Now $y_1=1 \implies x \le a-\epsilon,$ $y_2 = 1 \implies x=a,$ and $y_3=1 \implies x \ge a + \epsilon.$ The good news is that all three intervals are closed. The bad news is that values of $x$ between $a-\epsilon$ and $a$ or between $a$ and $a + \epsilon$ are suddenly infeasible, whereas they were feasible in the original problem. Also note that any tiny deviation from $a$ will throw $x$ into no man's land. That leads to one more possibility, involving yet another positive constant $\delta < \epsilon$ and shown in Figure 4.

 Figure 4
In this version, the domain of $x$ is broken into the closed intervals $[L, a-\epsilon],$ $[a-\epsilon +\delta, a+\epsilon - \delta]$ and $[a+\epsilon, U].$ There are still values of $x$ that were feasible in the original model but no longer feasible, but now you get to count values of $x$ "close" to $a$ as signalling the second of your three conditions.

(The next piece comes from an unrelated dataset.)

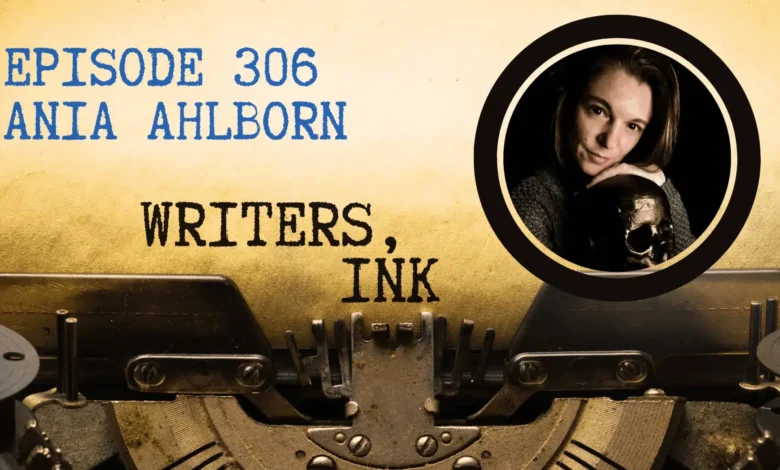 Writers, Ink Podcast: Putting your greatest fears on paper with horror author Ania Ahlborn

The algebra to put either Figure 3 or Figure 4 into force is actually pretty straightforward. You just need to write a pair of inequalities $\dots \le x \le \dots$ where the left side expression is the sum of each $y$ variable times the lower bound that would apply when that variable is 1 and the right expression is the sum of each $y$ variable times the upper bound that would apply. So for Figure 3, where the intervals are $[L, a-\epsilon],$ $[a,a]$ and $[a+\epsilon, U]$, we would have $$Ly_1 + a y_2 + (a+\epsilon)y_3 \le x \le (a-\epsilon)y_1 + a y_2 + Uy_3.$$ For Figure 4, the constraints would be $$Ly_1 + (a-\epsilon+\delta)y_2 + (a+\epsilon)y_3 \le x \le (a-\epsilon)y_1 + (a+\epsilon-\delta) y_2 + Uy_3.$$

There is one "tactical" point to consider. When this is first explained to someone who was unaware that strict inequalities are verboten, they are often tempted to set $\epsilon = 10^{-G}$ where $G$ is the gross domestic product of their native country. The problem is that the solver is using finite precision computer arithmetic, and every solver has a tolerance value $\tau$ (small but not zero) such that coming within $\tau$ of satisfying a constraint is "close enough". If you pick $\epsilon$ (or $\delta$) too small, it has the same consequence as setting it equal to 0 in terms of how valid the solutions are. You can end up with a value of $a$ for $x$ (to within rounding error) triggering consequence $C_1$ or $C_3$ rather than $C_2$, or a value of $x$ strictly greater than $a$ triggering $C_2$ (or possibly even $C_1$), and so on. So $\epsilon$ (and, if needed, $\delta$) must be greater than the rounding tolerance used by the solver.